The interpretation of another culture by someone of our own. — M. Dominique Benoit

An expat writer draws on a collective cultural consciousness to talk about a different locale. An outsider’s view from the inside: when it’s good, it’s the best of both worlds.

A thoughtful expat will question and analyze his own cultural biases. The reader can do this vicariously. — Deborah Davidson

EXPAT LIT COMES OF AGE

So many globetrotters, so many identity issues when home keeps changing. — Jennifer Eaton Gokmen

EXPAT LIT VS. TRAVELOGUE

Travel may open your eyes but does not change your identity. Expatriation sure does! — Emmanuelle Archer

Expat lit is not travel literature since writing about life from outside a homeland does not mean writing from a state of travel. We’re coping with extended life in a foreign culture, navigating subtleties, adapting to find harmony. Personal assimilation/identity issues dominate expat writing, and filter their world. If travel writing is a chance to travel vicariously, expat lit is a chance to live abroad vicariously.

FEMALE VS. MALE WRITERS

Female expat writers do more with identity and assimilation, I find. — Nassim Assefi

EMIGREE/IMMIGRANT VS. EXPAT

If the subject is primarily your homeland and you live abroad as an emigree, that’s emigree lit. If you’re living outside your home culture writing about where you are, and even the rest of the world, that’s expat lit. 

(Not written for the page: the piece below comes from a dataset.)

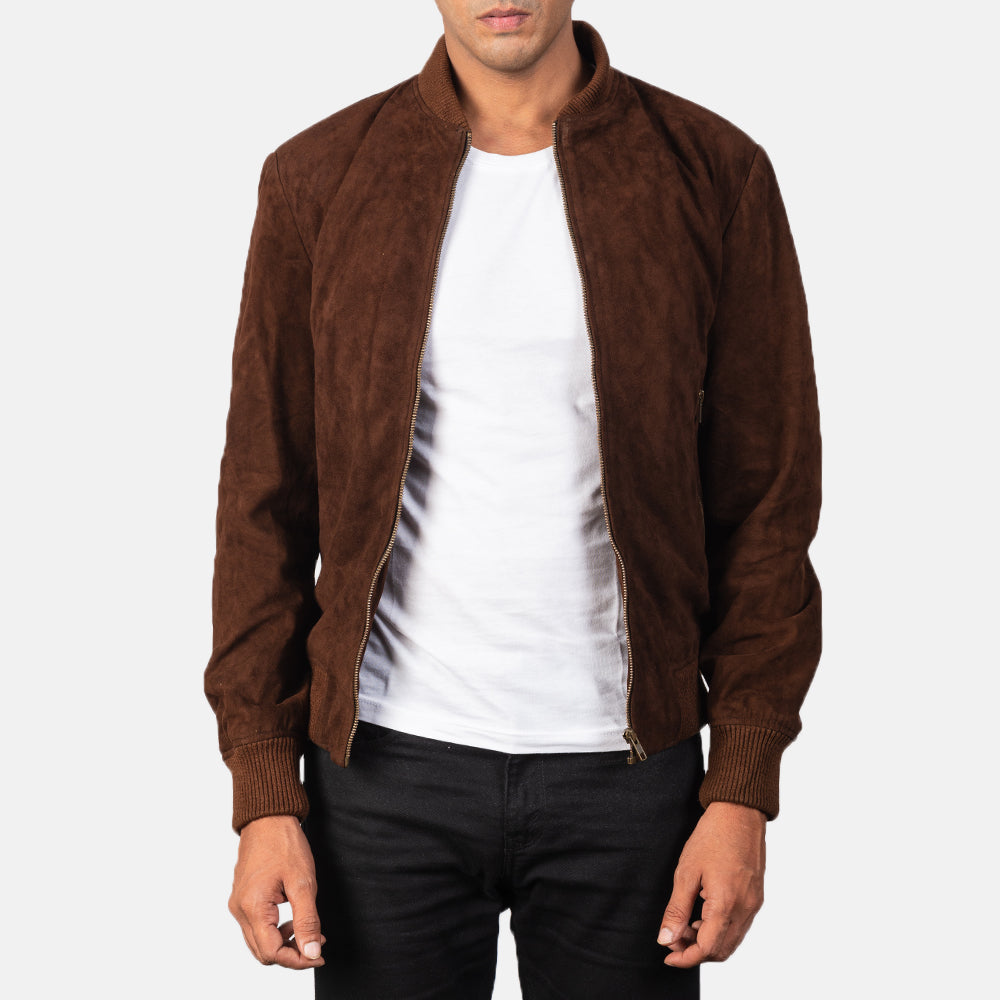 Shane Mocha Suede Bomber Jacket by Dash Racegear - men Jacket view 1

THIRD CULTURE KID VS. EXPAT

Third Culture Kid lit has more multi-faceted identity issues versus the writer who becomes an expat as an adult. The adult expat writer already has an established identity that gets challenged as adult. TCK has been challenged with identity all his life. — J. Gokmen

TCK often means not knowing where home is. Citizenship or nationality become irrelevant. TCK lit can be the epitome of expat lit, a “twice-removed” look at the culture. — E. Archer

AUTHORS, TITLES MENTIONED (travel, expat, TCK, emigree literature, historical and contemporary)

Adam Gopnik – Paris to the Moon//Anthony Burgess – Malay Trilogy//Bill Bryson//Carla Grissman – Dinner of Herbs//Chris Stewart – Driving Over Lemons//Christopher Isherwood//David Sedaris – Nuit of the Living Dead//Ernest Hemingway – Death in the Afternoon//Firoozeh Dumas – Funny in Farsi//Freya Stark//Gertrude Stein and the Lost Generation//Henry Miller//Isabella Bird//Jamie Zeppa – Beyond the Sky and Earth: A Journey into Bhutan//Karen Blixen//Lawrence Durrell – Alexandria Quartet//A. J. Leibling – Between Meals: An Appetite For Paris//Malcolm Lowry//Marlena De Blasi – A Thousand Days in Tuscany//Mary Blume – A French Affair//Mary Lee Settle – Turkish Reflections//Milan Kundera//Peter Mayles – French Lessons//Pico Iyer//Sarah McDonald – Holy Cow//Sarah Turnbull – Almost French//Somerset Maugham – Far Eastern Tales//Stanley Karnow – Paris in the Fifties//Tahir Shah – The Caliph’s House//Tales from the Expat Harem//Three Cups of Tea//Vladimir Nabokov//William Dalrymple

Does expat lit deserve its own genre? Which writers and titles do you consider expat lit, or why not?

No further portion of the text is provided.